Dolorosa necessidade. Cai o homem, a sociedade caminha. Custa às vezes lágrimas o progresso. Impõe sofrimentos a justiça. É lei da humanidade. Com o desenvolvimento porém da civilização dilata-se a força dos governos, armam-se de novas faculdades os poderes públicos, derrama-se a moralidade, difunde-se a instrução, alarga-se a publicidade, e por tal arte cresce, e se levanta o poder da sociedade, que pareceria estranha fraqueza declinar para a jurisdição do algoz a decisão do conflito travado entre a inocência e o crime. Que a sociedade se defenda razão é, mas que podendo defender-se sem imolar à sua conservação a vida dos delinquentes, imponha desnecessariamente a pena de morte, não o explica facilmente a ciência penal dos nossos dias.

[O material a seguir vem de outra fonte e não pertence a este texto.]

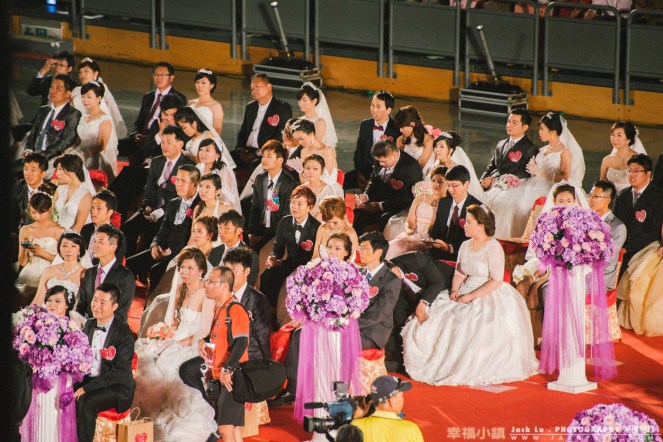 最後拍大合照會要求大家坐在座位,官方攝影師從舞台上拍向180對新人的方向 最後拍大合照會要求大家坐在座位,官方攝影師從舞台上拍向180對新人的方向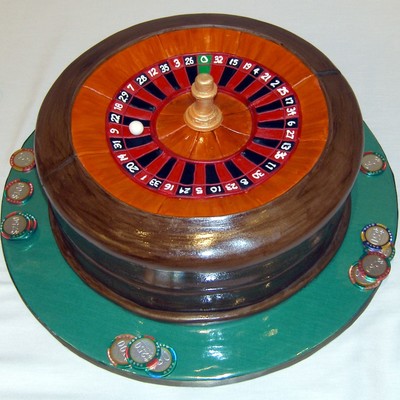Roulette Wheel Groom's Cake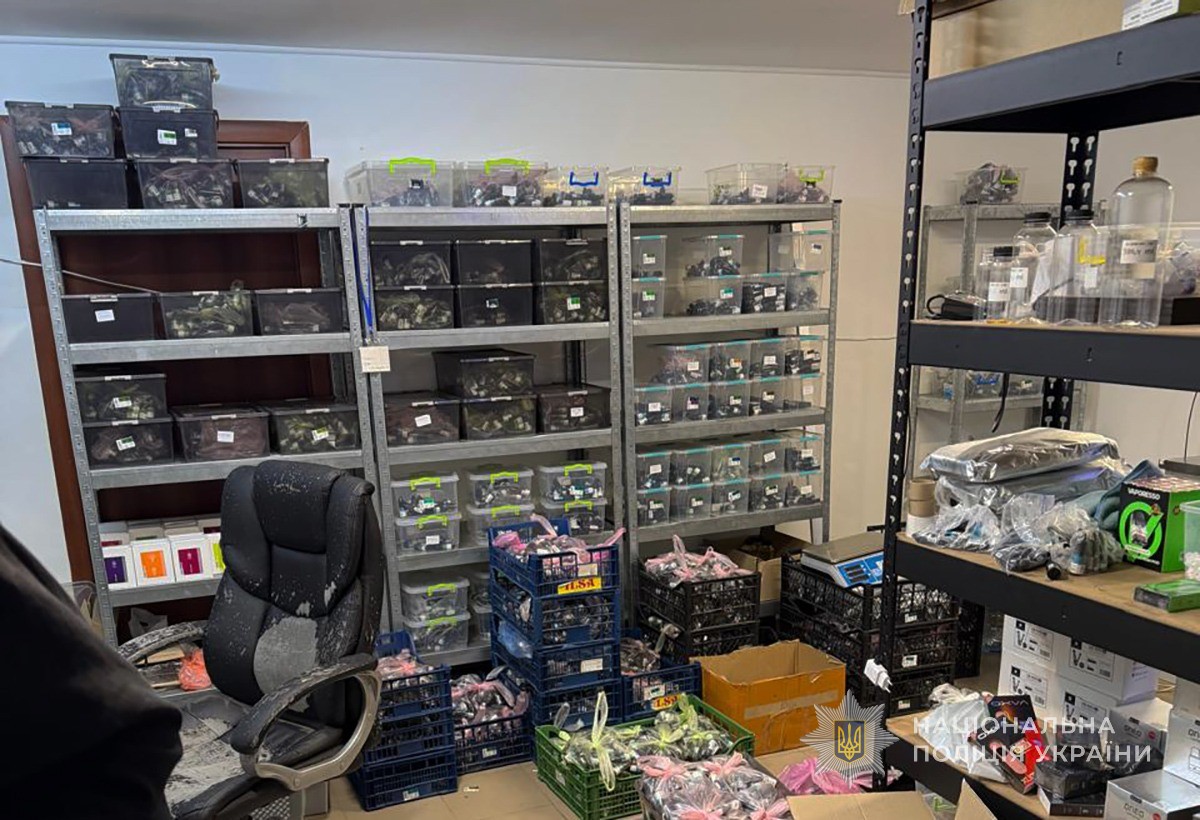 Сотні пристроїв, тисячі флаконів: у Запоріжжі накрили "вейп-підпілля"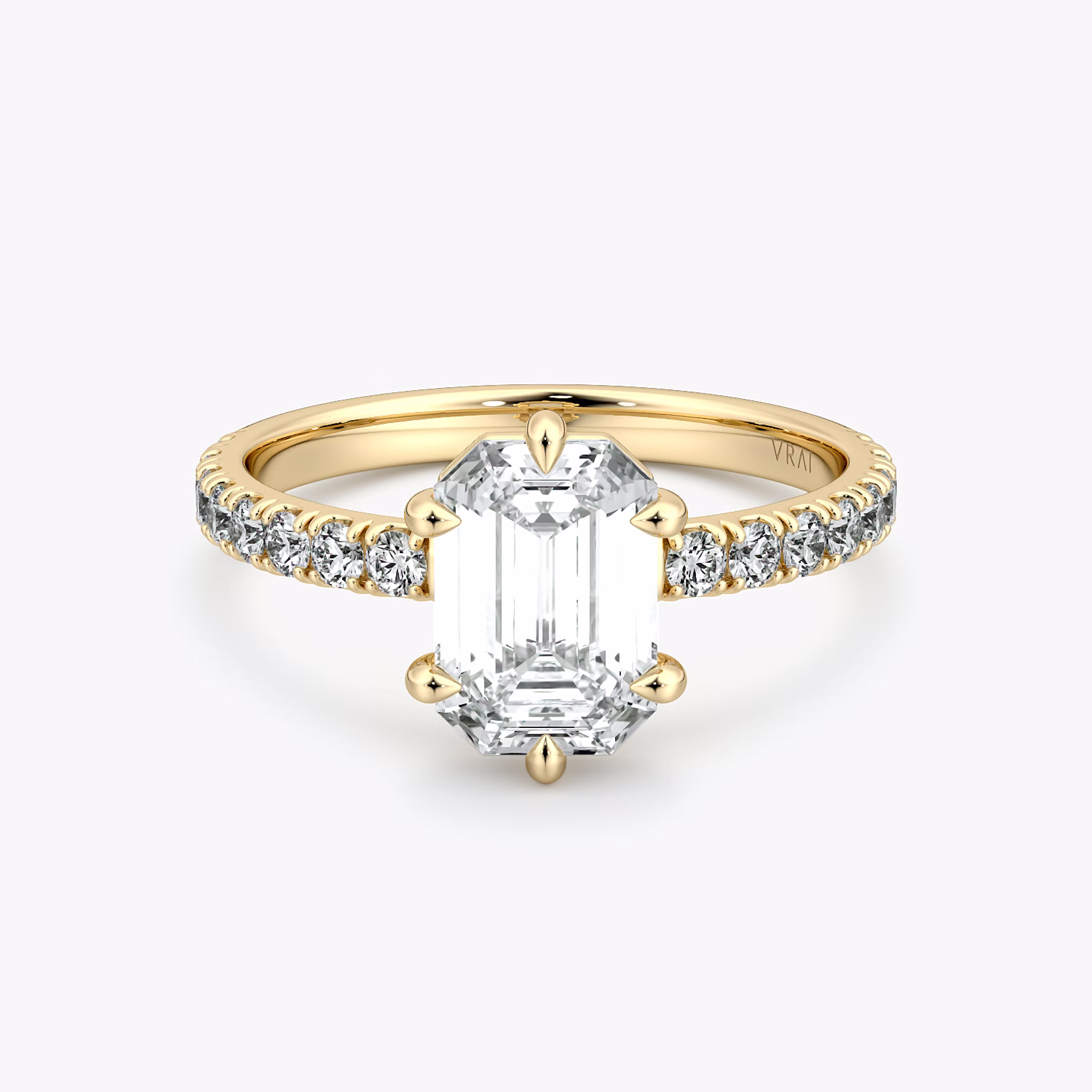 The Signature 6 Prong | Emerald | 18k | Yellow Gold | bandAccent: Pavé | bandWidth: large | hiddenHalo: no | diamondOrientation: vertical | caratWeight: other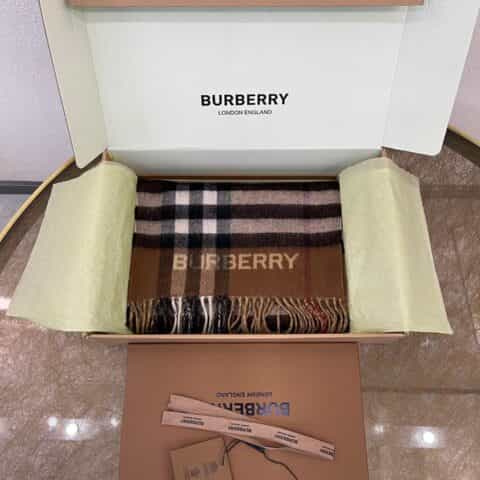 Burberry巴宝莉双色对比格纹羊绒围巾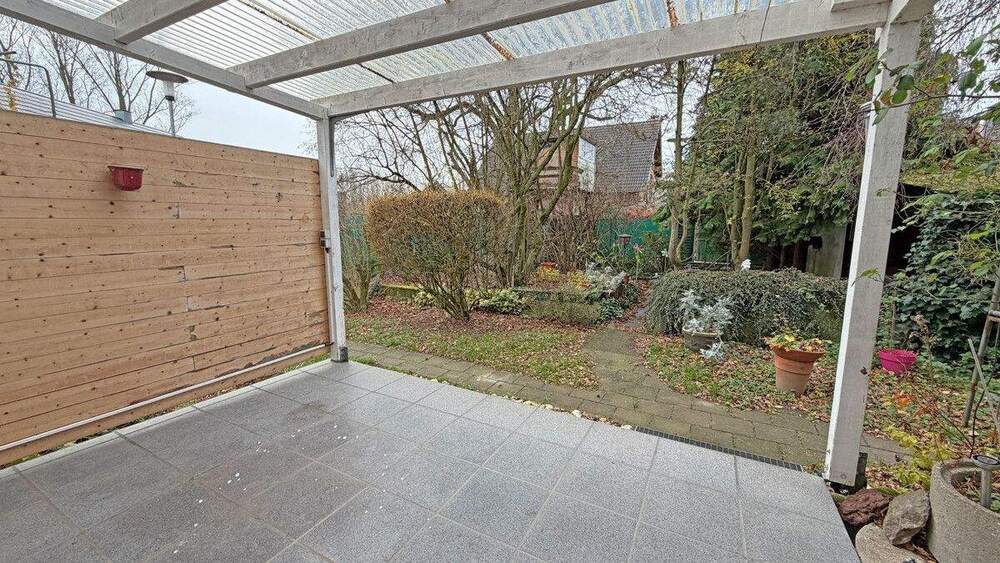 Doppelhaushälfte inklusive Nebengebäuden mit Gestaltungspotenzial in Alpen-Menzelen! 3 zimmer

E aqui associa-se a voz da humanidade e do sentimento a confirmar os ditames da ciência e as tendências da civilização. Levantam-se as assembleias legislativas contra o carrasco, instrumento brutal nas mãos da lei, que o obriga a matar sem consciência, a ferir sem ódio, a punir sem responsabilidade, a verter sangue onde pudera derramar bálsamo a religião, e lançar raízes o remorso.
Os argumentos ditados pela ciência e pelo sentimento são corroborados pelo testemunho dos factos. A estatística, registo dos acontecimentos sociais, incumbe-se de documentar com o testemunho insuspeito dos algarismos a desnecessidade da pena de morte no estado atual da sociedade. Onde os costumes dispensaram por inútil aquele meio de repressão, não se acrescentou a criminalidade, nem baquearam os poderes públicos assoberbados pela audácia do crime e pela inseguridade da vida e da propriedade, antes com a moralização dos costumes, com o derramamento da instrução, com o desenvolvimento da publicidade, com o aperfeiçoamento das medidas preventivas e repressivas, e com a certeza do castigo, tem diminuído a perpetração dos crimes mais graves.
Factos em abono do que deixo exposto não faltam. Temo-los perto de nós.
A pena de morte esta abolida de facto entre nós desde muitos anos. Fez-se a última execução em abril de 1846. Desde então até hoje não tem aumentado a criminalidade, como se pode ver pelo mapa que acompanha esta proposta de lei.